As Coal Strike Looms, Episcopalians Say Prior Strike was Mix of Crucifixion and Resurrection

Episcopal News Service. May 27, 1993 [93112]

The Rev. Stephen Weston, Free-lance Writer and rector of Christ Episcopal Church in Pulaski, Virginia.

As the threat of a major strike by miners against the Peabody Coal Company looms over the hills and valleys of the coal fields, Episcopalians who were involved in a previous strike against the Pittston Company contend that their struggle was a financial, emotional and spiritual experience.

"Something fundamental happened to me," said Uncas McThenia, a professor of Law at Washington and Lee University in Lexington, Virginia. The Pittston strike broke out in 1989 when McThenia was serving as a Jubilee intern in Appalachia during a sabbatical. "I was ministered to by people in the region who opened their hearts to me. There's something powerful and simple about being an evangelist -- to go out with a stick and a knapsack knowing that you're now the guest and that your host is determining what's for supper."

"I'm not completely done with the experience," McThenia said. "That time four years ago healed a real wounded part of me, a part which separated a fault line between my intellect and my soul, between being a professional and living into the reality of Jesus' resurrection."

The Pittston strike helped McThenia to revise his views of ministry. "It's easy to heal others, and bring other people in: it is hard to hang out, to give up control," he said. "Part of being a professional usually means being powerful -- drawing lines to separate yourself from other people."

What happened to McThenia during the strike erased the lines. "I lived into that paradox. The time to be an advocate is when you give up being a lawyer and just stand there, sharing their pain and having them share yours," he said. "Ministry started when they [the coal strikers] ministered to me, and I didn't have a darn thing to do with it." McThenia said that he went into the coal fields as a stranger. "They trusted me as a friend: I was a stranger no more."

Following Christ's call -- no matter the price

The price for standing with the mining community cost one priest his job. The Rev. Bob Thacker, rector of Christ Church in Roanoke, was arrested on May 24, 1989, at the entrance of Pittston Company's Moss Three coal preparation plant near Carbo, Virginia. As the result of parish conflict in the aftermath of the strike, Thacker was forced to resign.

Thacker, now rector of St. Mark's Anglican Church in Bermuda, said that his action was right for the time. "It impressed upon me the importance of advocacy, not just what I've done for the cause, but for the person. When confronted with issues of a moral nature, for our own integrity, to save our own souls, we need to say what we're called to say. Because we have to do it," Thacker said.

Thacker said that his sense of Christian hope urges him not to give up. "We need to follow where the call leads us. We have the choice of stepping into life, or stepping away from it."

"People in the institutional church were threatened," said Judy Furr, a member of Christ Episcopal Church in Pulaski, Virginia. "When you take a stand with the underprivileged and you're privileged, you've betrayed your class and culture.
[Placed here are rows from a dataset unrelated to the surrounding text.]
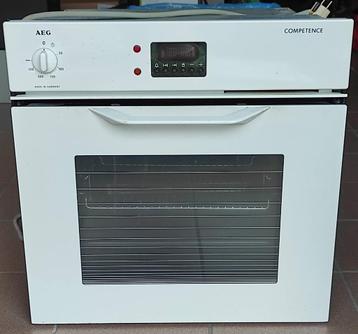 Oven AEG Competence B2100-W (wit) beschikbaar voor biedingen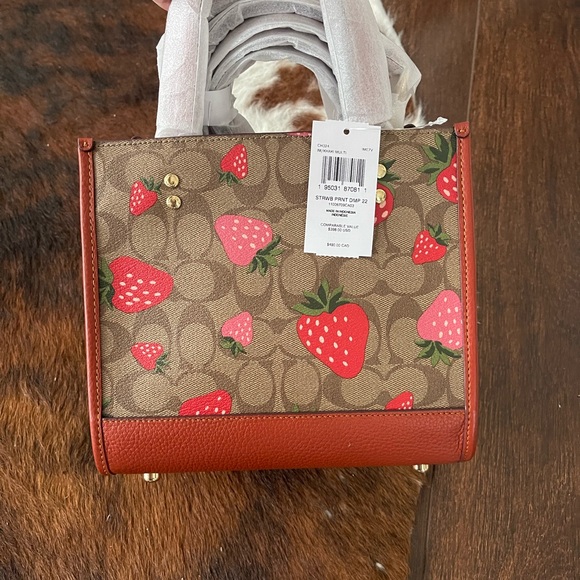 Dempsey Tote 22 In Signature Jacquard With Strawberry - Picture 2 of 6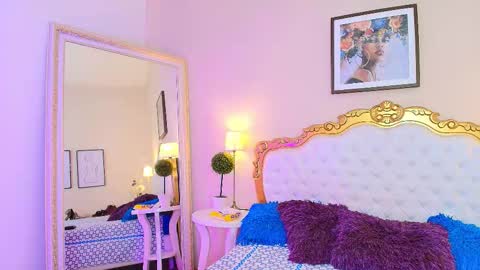 katee Martinez online show from 09-13-25, 07:13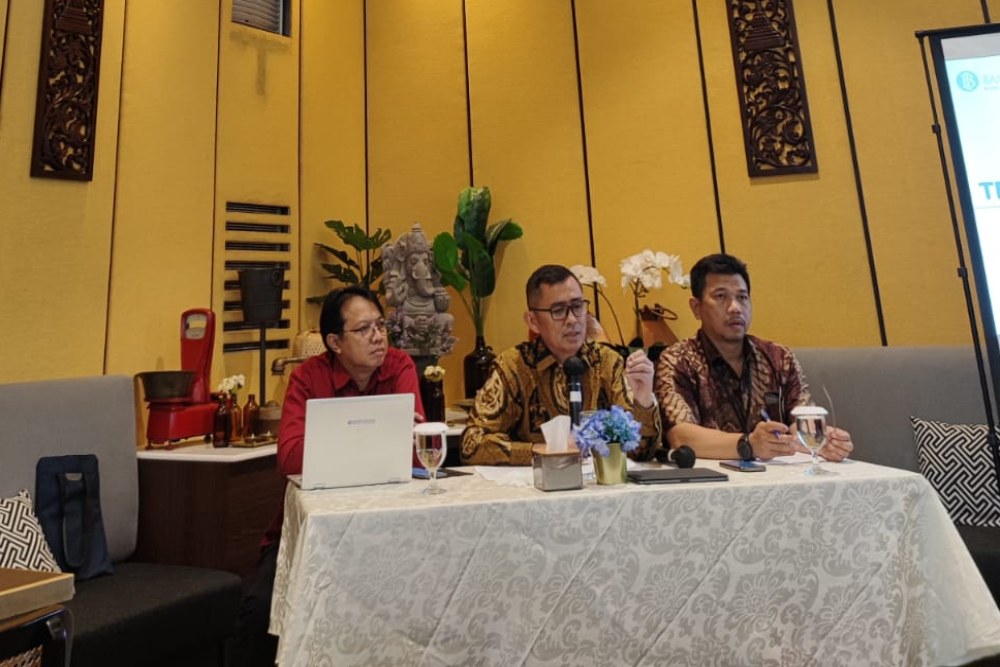 Kepala Perwakilan Bank Indonesia Provinsi Jawa Tengah, Rahmat Dwi Saputra (tengah) memberikan keterangan kepada wartawan dalam acara media briefing Angkring in The Morning, Rabu (10/5/2023). /Bisnis-Farodlilah M.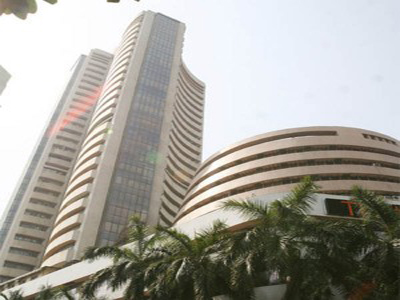 Sensex rallies 181 points on OPEC deal, F&O expiry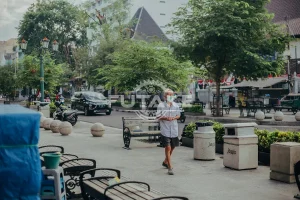Street Furniture adalah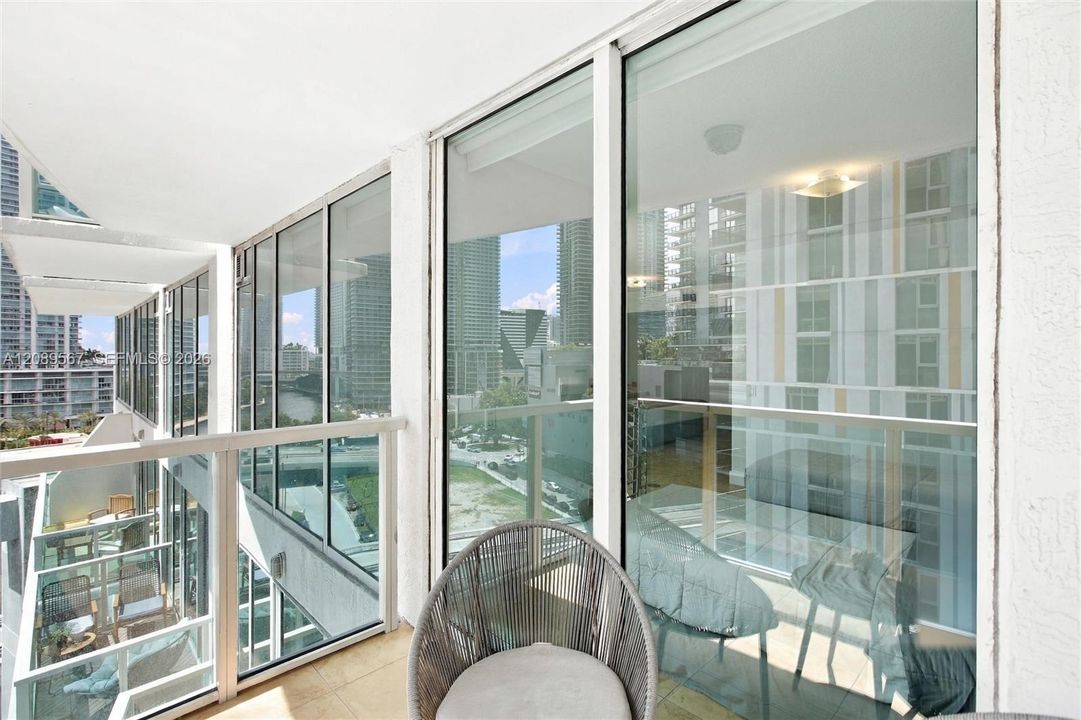 For Sale: $590,000 (2 beds, 2 baths, 1441 Square Feet)
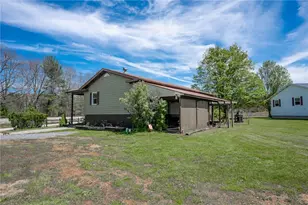 64 E 1st St, Burnside, PA 15721 - Photo 4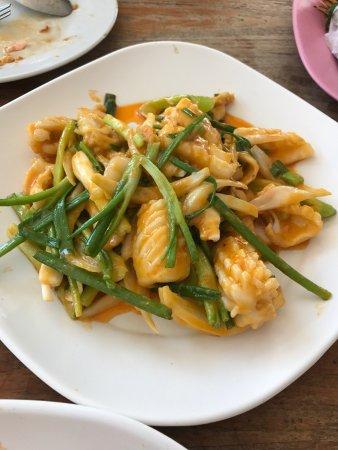 J Tum Kitchen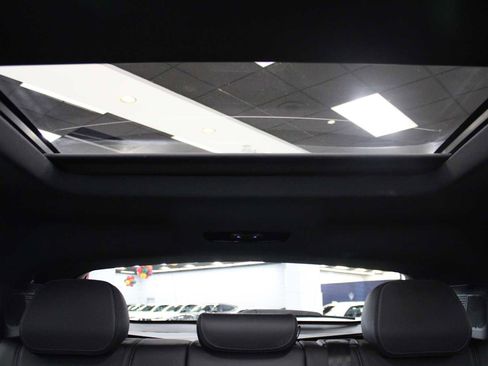 Used 2022 Alfa Romeo Stelvio Veloce image 40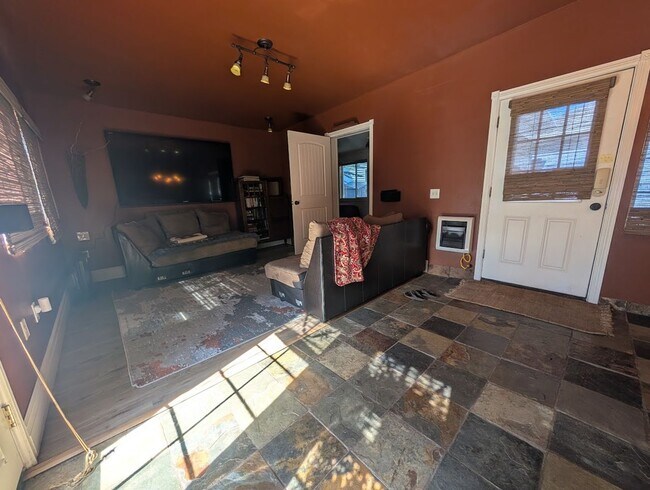 Building Photo - Stunning 4 Bedroom Normal Hill House - Pet-Friendly!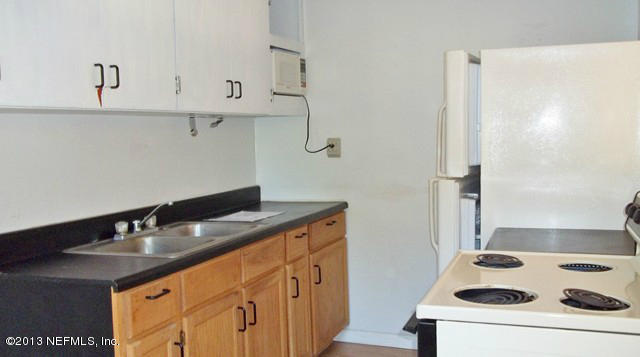 117 Silver Lake Road Palatka, FL 32177 - Photo 3 of 13 kitchen (Copy)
You're a threat to the community and you will pay for it."

McThenia believes a class struggle continues over the control of land and its ownership. "Over 70 percent of Dickenson County in southwestern Virginia is owned by four or five companies that extract minerals such as coal. We see people as being poor because (we think) they deserve to be poor, rather than recognizing that we're depriving them of land and mineral rights," he said. "It's been that reality of class in America."
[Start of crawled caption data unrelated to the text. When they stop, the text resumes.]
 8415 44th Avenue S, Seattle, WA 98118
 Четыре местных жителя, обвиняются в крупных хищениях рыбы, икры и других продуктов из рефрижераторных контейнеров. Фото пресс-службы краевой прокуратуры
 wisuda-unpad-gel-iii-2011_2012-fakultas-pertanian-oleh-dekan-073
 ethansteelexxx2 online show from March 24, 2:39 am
Tension between hope and fear

Several women who were involved in the Pittston strike report that their experience helped them to define themselves in an entirely new way. "It radically changed who you were," said Linda Johnson of St. Paul, Virginia. Johnson reported that women helped to feed and house the demonstrators in the strike. In return, many of the women "went out into the world to tell what was happening to them. They walked picket lines, shaped strategy and went to jail."

Johnson said that the strike struck at the heart of her own personal history. "As a child who grew up in the coal camps of West Virginia, I knew what it was like to live without a job, without a contract. That is very hard, very scary. For me the dimensions of this strike were intellectual, political and spiritual, but also of the heart." The impact of the strike produced character changes, Johnson said. "We became critical lovers of democracy -- we had to stand up and fight for it."
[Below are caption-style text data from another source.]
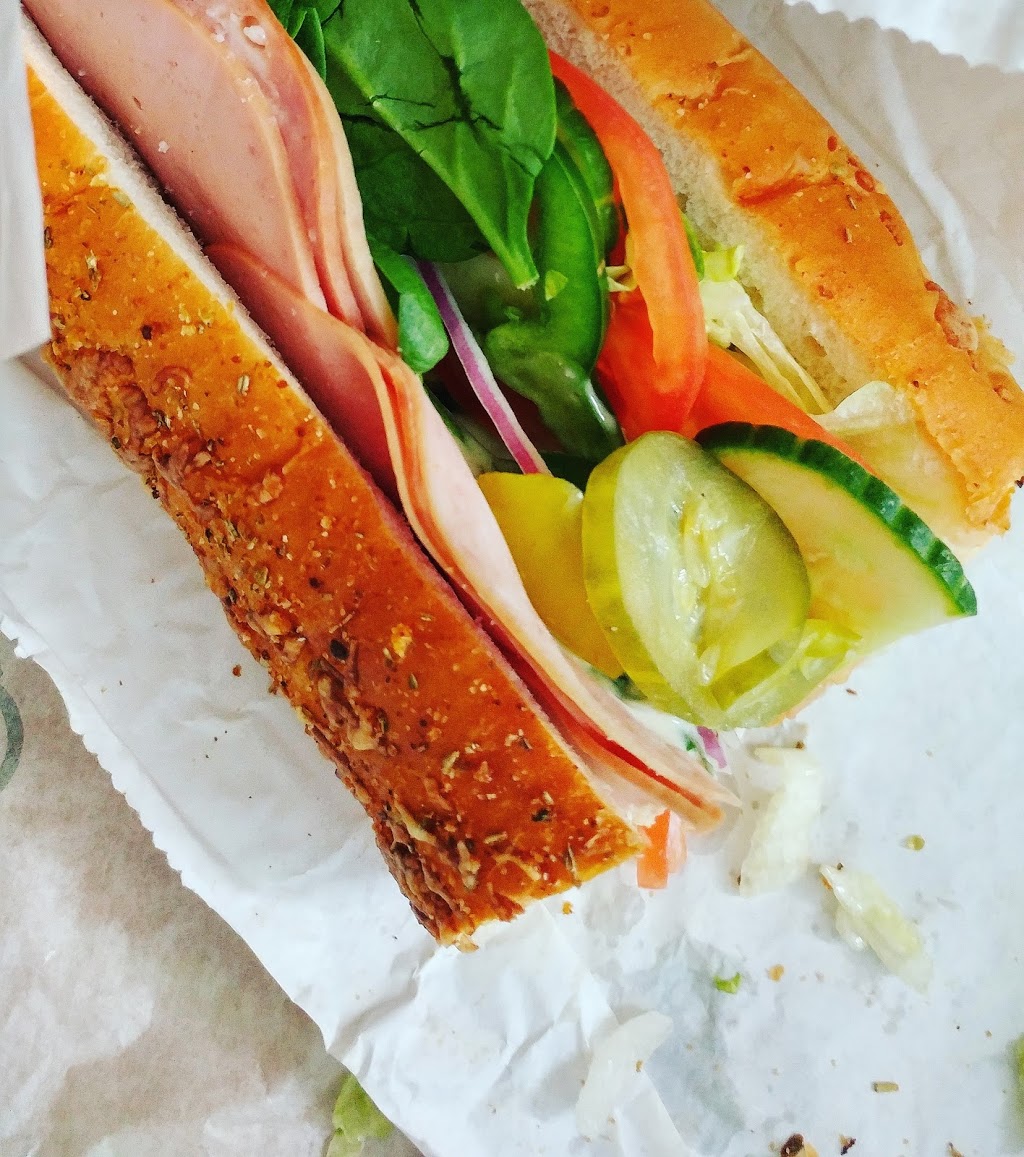 Subway | 3030 Don Mills Rd E Unit 27, Toronto, ON M2J 3C1, Canada | Phone: (416) 551-7270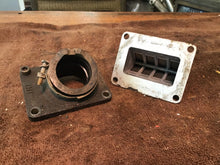Load image into Gallery viewer, 1978 Yamaha DT250 reeds intake manifold rubber intake

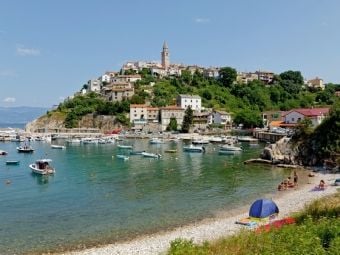 Produktbild: CALVENDO Puzzle Hafen und Altstadt von Vrbnik, Kroatien | 1000 Teile Lege-Gr&ouml;&szlig;e 64x48cm Foto-Puzzle f&uuml;r gl&uuml;ckliche Stunden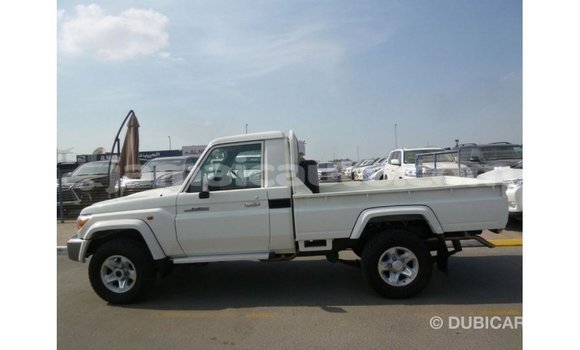 Buy Import Toyota Land Cruiser White Car in Import - Dubai in Clarendon Buy Import Toyota Land Cruiser White Car in Import - Dubai in Clarendon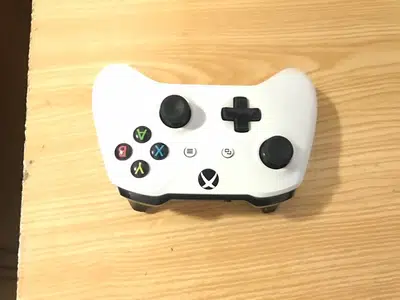 Logitect g920 racing wheel + shifter and X Box one s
Men and women in the coal fields found themselves in good company. "They were joined by pilots from major air carriers, farm workers, and church people," Johnson said. For her, the period of the strike was a time marked by a tension between hope and fear. "For people who live by the Gospel, hope gets particularized -- this strike was one such case. Some people in the church were affirmed. Some people stood up and shouted, 'this is absolutely wrong.' The same thing happened when Jesus went to the cross. You stand and shout, weep and mourn, or be joyous."

Johnson said that she hopes the problems between miners and the Peabody Company will not repeat the history of the earlier Pittston strike, but she's not optimistic. "In a strike everybody loses. I hope there will be no massive strike this time. Sometimes that is labor's only hope. But nobody wins." A repeat strike "could be devastating" for the miners, she said.